In 2018, for the first time, according to Census numbers, the country had more than 50 million full-time, full-year female workers, and median earnings for full-time, full-year female workers is up about 40% in real terms since the 1970s while the numbers for men over the same period are generally flat.

Now Republicans, for whom the numbers are good news, and Democrats, for whom the numbers are bad news when it comes to convincing Americans their conditions are getting worse, are going to spin the report differently.

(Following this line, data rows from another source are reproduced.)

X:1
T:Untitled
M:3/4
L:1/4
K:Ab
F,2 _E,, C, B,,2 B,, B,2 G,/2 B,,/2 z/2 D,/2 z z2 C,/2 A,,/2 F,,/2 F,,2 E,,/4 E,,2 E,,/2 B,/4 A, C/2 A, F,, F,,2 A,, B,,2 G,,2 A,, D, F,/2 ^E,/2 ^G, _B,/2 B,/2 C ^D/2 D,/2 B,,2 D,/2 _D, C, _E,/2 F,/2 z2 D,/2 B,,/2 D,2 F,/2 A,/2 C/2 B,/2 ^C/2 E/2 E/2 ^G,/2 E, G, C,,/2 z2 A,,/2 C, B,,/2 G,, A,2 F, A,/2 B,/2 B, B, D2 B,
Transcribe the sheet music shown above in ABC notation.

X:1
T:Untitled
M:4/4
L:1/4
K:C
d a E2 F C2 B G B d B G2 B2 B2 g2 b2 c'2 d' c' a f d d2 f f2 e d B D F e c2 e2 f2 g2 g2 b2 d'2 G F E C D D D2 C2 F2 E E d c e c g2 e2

For Republicans, poverty numbers don't mean everything's perfect for those who struggle economically but that things are improving. Democrats, needing to dig a little deeper, say fewer poor people now have health insurance (less than .7% fewer), women only earned 82 cents for every dollar a man earned (up 1.5% since 2017) and the poverty rate in the South didn't fall (rose by 1.7%).

But without getting too far into the weeds, we want to go behind the numbers a bit to explain both how the 2018 numbers are even better than they might seem and how "official poverty" doesn't explain as much as it used to.

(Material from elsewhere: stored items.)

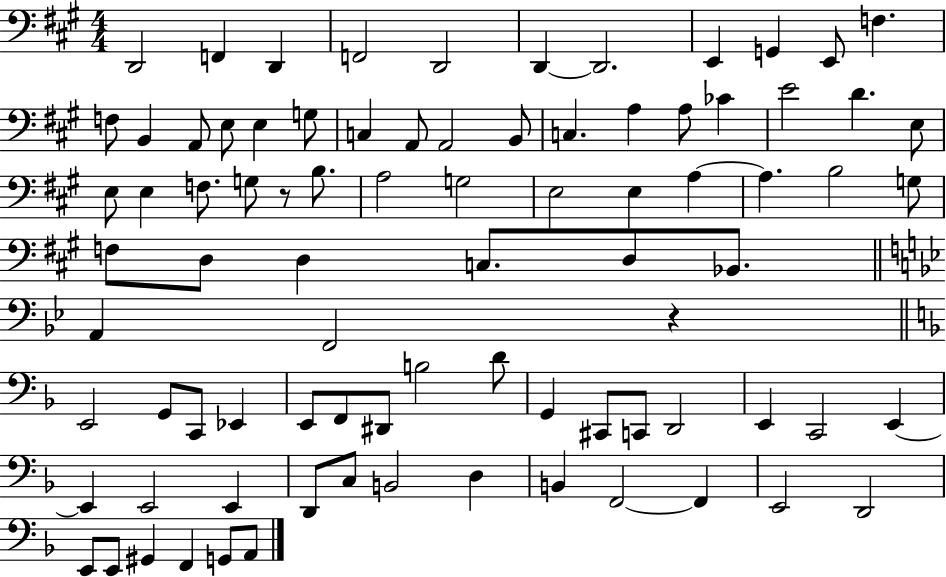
X:1
T:Untitled
M:4/4
L:1/4
K:A
D,,2 F,, D,, F,,2 D,,2 D,, D,,2 E,, G,, E,,/2 F, F,/2 B,, A,,/2 E,/2 E, G,/2 C, A,,/2 A,,2 B,,/2 C, A, A,/2 _C E2 D E,/2 E,/2 E, F,/2 G,/2 z/2 B,/2 A,2 G,2 E,2 E, A, A, B,2 G,/2 F,/2 D,/2 D, C,/2 D,/2 _B,,/2 A,, F,,2 z E,,2 G,,/2 C,,/2 _E,, E,,/2 F,,/2 ^D,,/2 B,2 D/2 G,, ^C,,/2 C,,/2 D,,2 E,, C,,2 E,, E,, E,,2 E,, D,,/2 C,/2 B,,2 D, B,, F,,2 F,, E,,2 D,,2 E,,/2 E,,/2 ^G,, F,, G,,/2 A,,/2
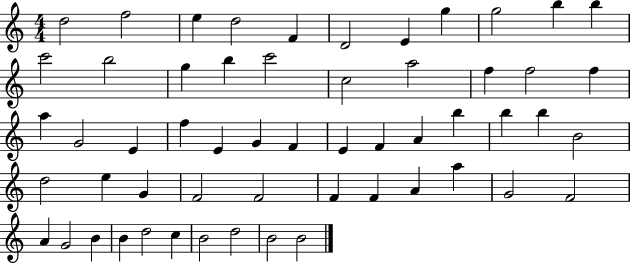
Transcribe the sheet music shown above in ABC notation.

X:1
T:Untitled
M:4/4
L:1/4
K:C
d2 f2 e d2 F D2 E g g2 b b c'2 b2 g b c'2 c2 a2 f f2 f a G2 E f E G F E F A b b b B2 d2 e G F2 F2 F F A a G2 F2 A G2 B B d2 c B2 d2 B2 B2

Poverty, according to the federal government's Official Poverty Measure report, declined .5% from 2017 to 2018. The decline is notable because the rate only includes income before taxes and does not include noncash benefits provided by Medicare, Medicaid, SNAP (Supplementary Nutrition Assistance Program, the former food stamps), public housing and employer-provided fringe benefits.

It indicates, then, that more poor people worked in 2018 and worked for money than than they did in 2017. It further shows that, regardless of noncash benefits, enough poor people earned more money in 2018 to cause the official poverty rate to decline by half a percent.

The problem, according to the nonprofit, nonpartisan American Enterprise Institute, is that official poverty does not include the largest - and growing - government transfer programs and tax credits when determining an individual's income. That, in turn, makes it more difficult both to determine who is really poor and how well the programs are serving the actually poor.

And if 2020 Democratic presidential candidates have their way with specific proposals, the difference between official poverty and actual family resources would continue to widen.

For example, the LIFT the Middle Class Act sponsored by U.S. Sen. Kamala Harris, D-California, would create a new refundable tax credit of up to $3,000 per person or $6,000 for married couples filing jointly, much of which would go to low-income families. Its benefit would not be counted toward the official poverty measure.

The Universal Child Care and Early Learning Act, sponsored by U.S. Sen. Elizabeth Warren, D-Massachusetts, would widely expand federal support for child care, including making it free for families below 200% of the poverty line. Once more, a high percentage of the benefits would go to low-income families but not be counted on the official poverty measure.

Those are just a few of the suggested programs that would not count in assessing actual poverty.

In other words, a working family with only poverty wages (see above - not likely) might have to pay nothing for or be highly subsidized in paying for food, housing, health care and child care, and could get a slew of tax credits, but would be counted as "in poverty" simply from what they earn in wages (plus Supplemental Social Security and Temporary Assistance for Needy Families).

The Census Bureau in 2011 created a Supplemental Poverty Measure - using some of the additional benefits - in an attempt to get at a more accurate look at poverty, but it also has its critics and suffers from underreporting. Other efforts, such as the 2007 Poverty Measurement Improvement Act, were promising but were not passed.

For political purposes, one U.S. party wants to keep the poverty level high, and another desires to keep it low. So a more accurate measure may not be on the horizon. In the meantime, Americans should be gratified poverty - at least officially - is declining.